The “Pilot” opens with a 10-minute sequence set to a rearranged version of Fleetwood Mac’s underrated classic “Tusk”, and it has to be one of the most exciting openings to a series in a long time. We are introduced to Elizabeth (Russell) and Phillip (Rhys), a pair of spies who undergo an operation to dispose of a Soviet defector, which inevitably goes wrong. Left with the defector in the trunk of their car, it is later revealed that the couple is married with kids, living in a suburb in Virginia. The episode takes a while to reveal that they are KGB spies, one of many choices the writers make to not hold the audience’s hand. Flashbacks fill in some gaps about how the pair began their 20-year stint in America as spies, but they emphasize character moments over clunky exposition. Speaking of character moments, the scenes that focus exclusively on the “marriage” of Elizabeth and Phillip are the episode’s strongest. Phillip desires to lead a more authentic life yet Elizabeth remains steadfast to the mission they’ve been given. It is clear that they work well as a partnership, but the episode is at its strongest when it deals with the emotional connection that comes with that partnership.
An FBI agent (Noah Emmerich) happens to move in next door to the couple, and I suppose it’s a good thing that they don’t reveal whether or not this is a coincidence.

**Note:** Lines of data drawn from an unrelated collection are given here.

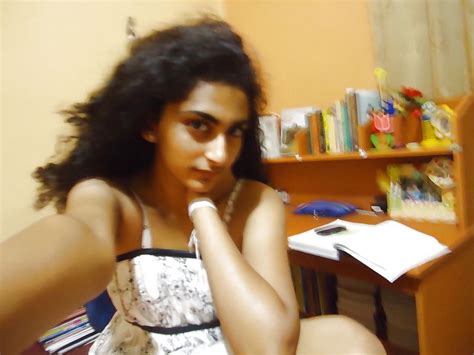 cute desi curly hair college girl naked pakistani sex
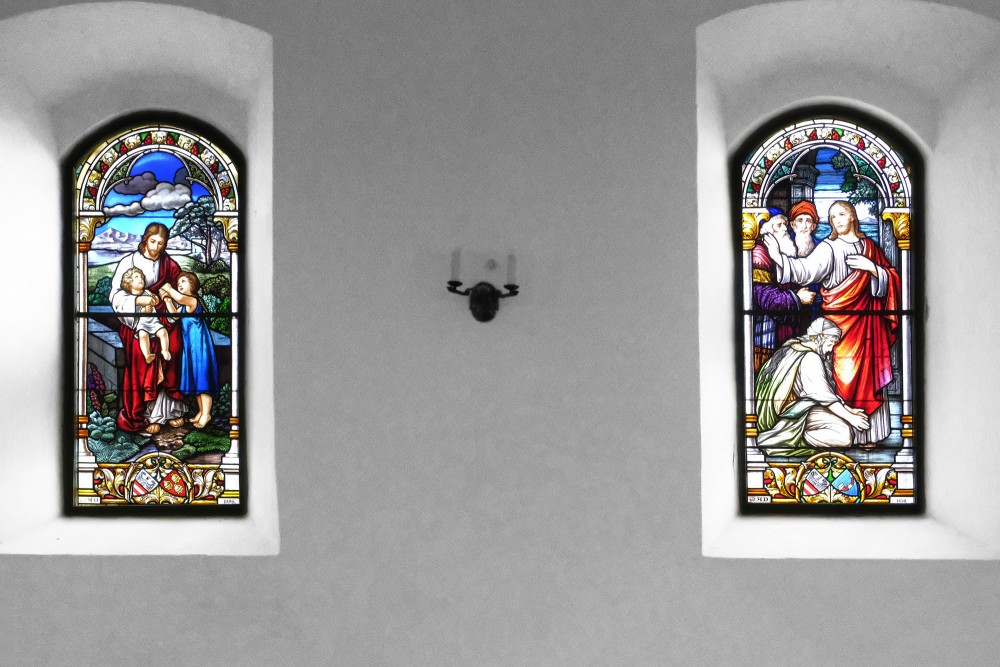 Valtaiķu luterāņu baznīcas vitrāžas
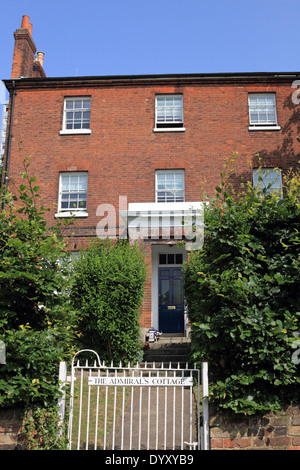 L'Admirals Cottage at Historic Dockyard, Chatham, Kent ME4 4TE, Angleterre Banque D'Images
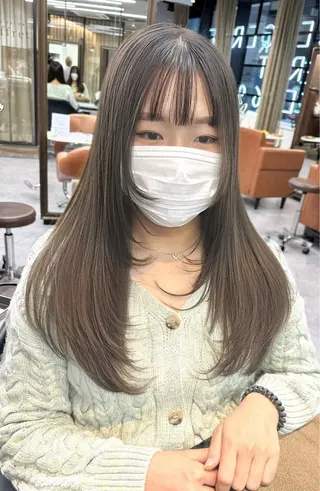 ロング カラー ウルフとハイトーン みっちー✂️のヘアスタイル
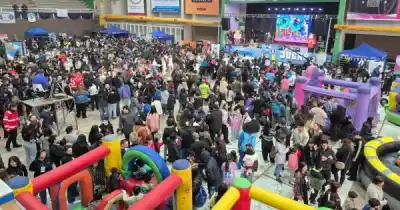 Aike Jugar: cientos de familias coparon el Boxing Club con juegos y trámites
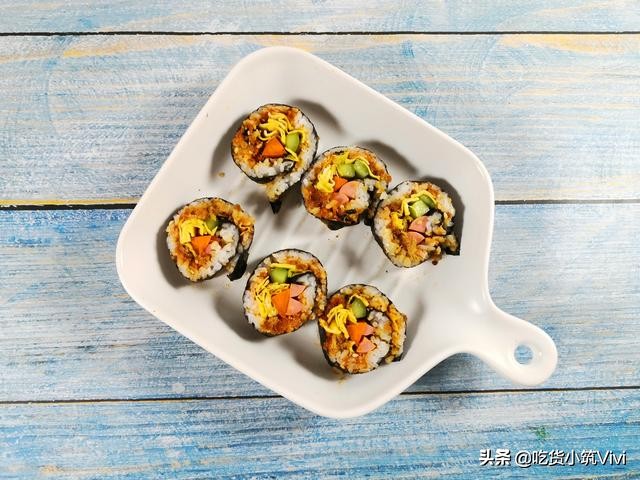 米饭做寿司的简单教程,用米饭做寿司教程家常
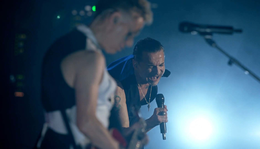 Nem süllyedhetünk bele abba a luxusba, hogy magunkat sajnáltatjuk – Ilyen a Depeche Mode-film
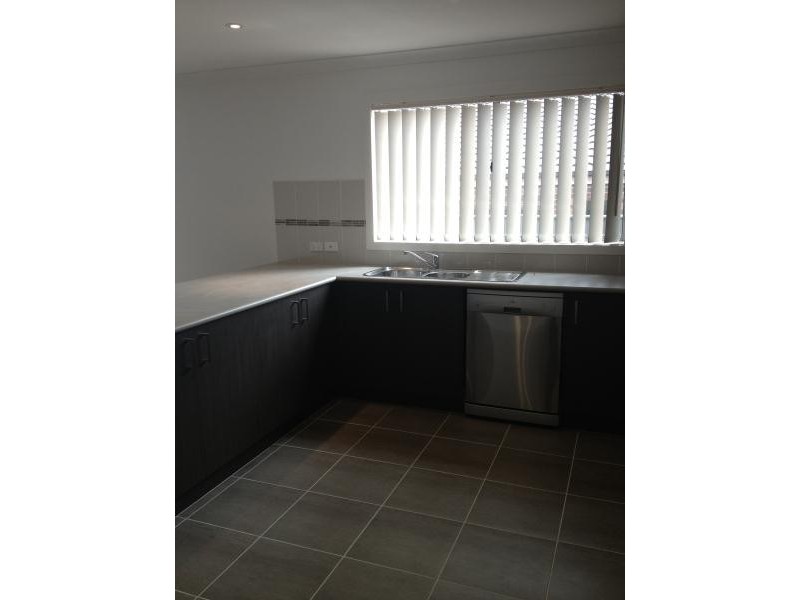 10 National Parade, Eaglehawk VIC 3556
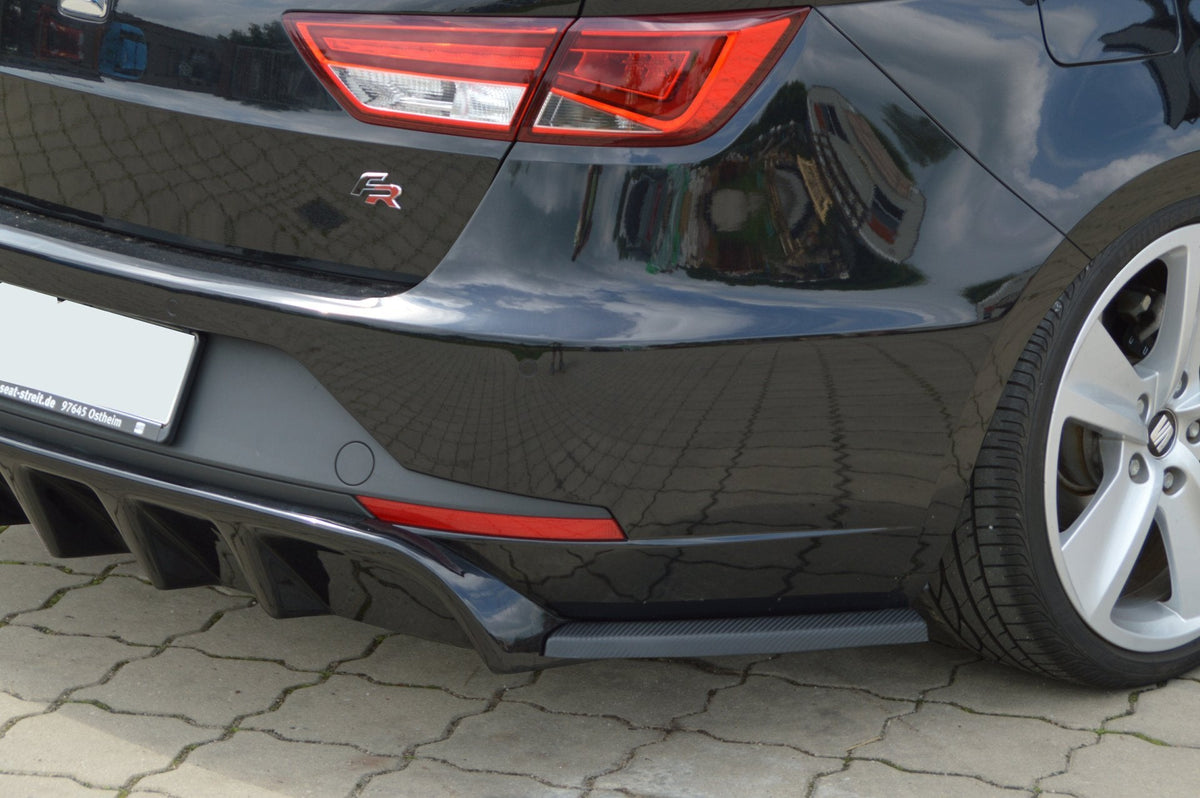 Ingo Noak Tuning Heckansatz mit Seitenteilen für Seat Leon 3 5F ST, sportliches Auto-Design, schwarzer Kunststoff, Montage sichtbar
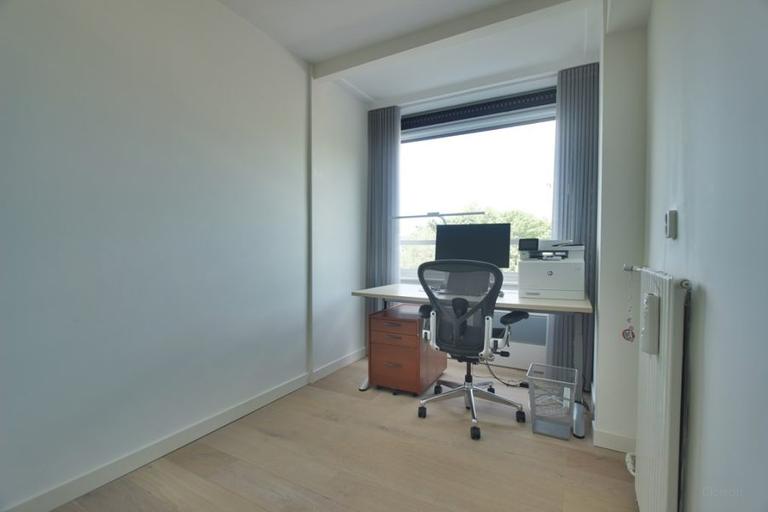 Licht 4-kamerappartement bij Stadshart - Afbeelding 15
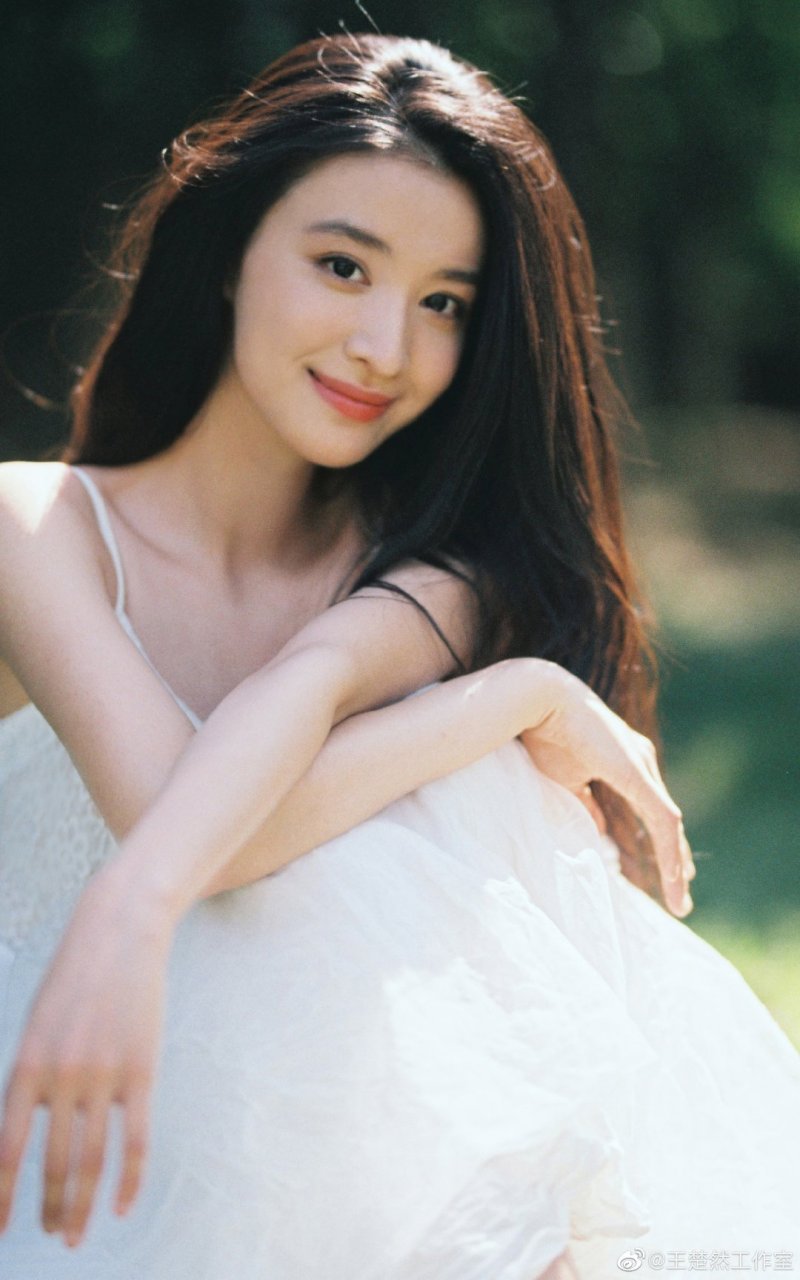 王楚然高清壁纸头像无水印(四)[小红花]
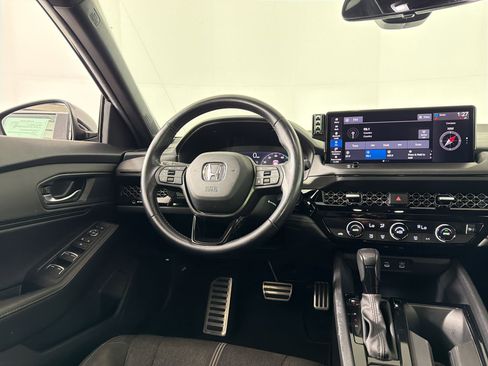 Used 2024 Honda Accord Sport image 27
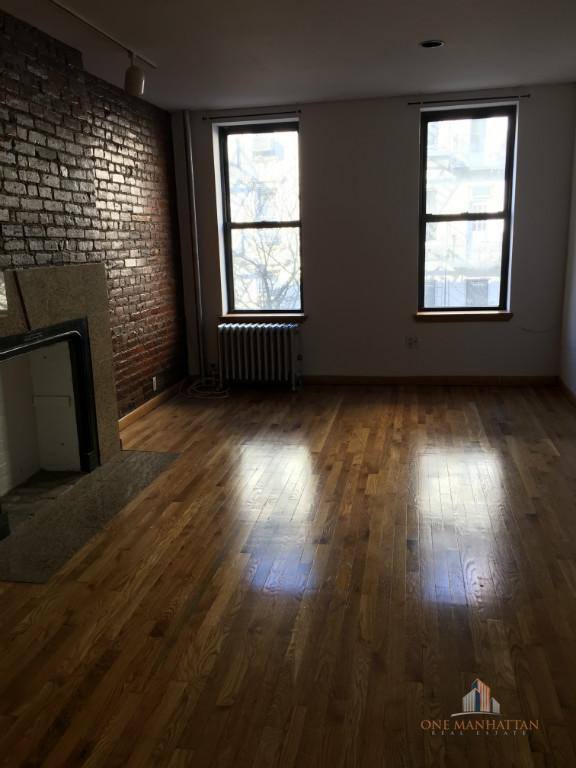 Apartment for rent at 286 E 10th St #3W, New York, NY 10009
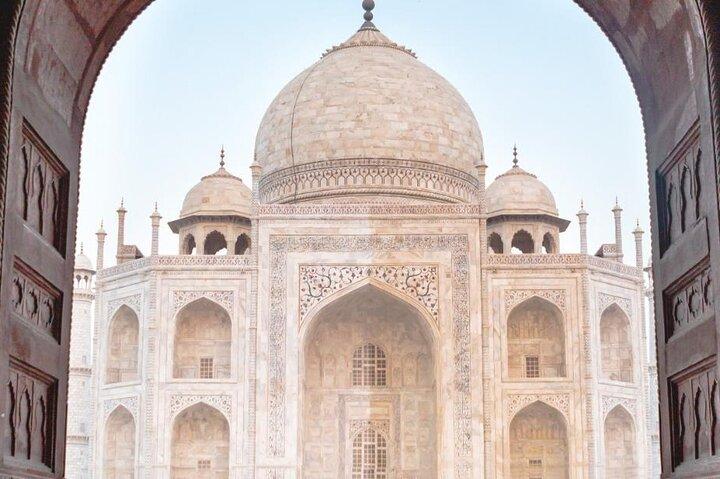 Private Taj Mahal day trip by Gatiman Express train ,private guided tour in Agra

It is the type of plot device that creates easy conflict for the show, so as long as they don’t milk it for too long, such as the pair just escaping getting caught at the end of each episode, then it won’t go into Dexter territory. One plus of the show is its choice of music (the aforementioned “Tusk”, Phil Collins’ “In the Air Tonight” and others) but this seems to be one of the only devices by director Gavin O’Connor to show that it takes place in the ’80s. There’s footage of Walter Cronkite here and a typewriter there, but everything else indicates that this show could have easily taken place in modern times. As a whole, this is one of the best pilots of the 2012-2013 season and I’m intrigued to see where it’s going. It’s nice to have a spy thriller back on the airwaves.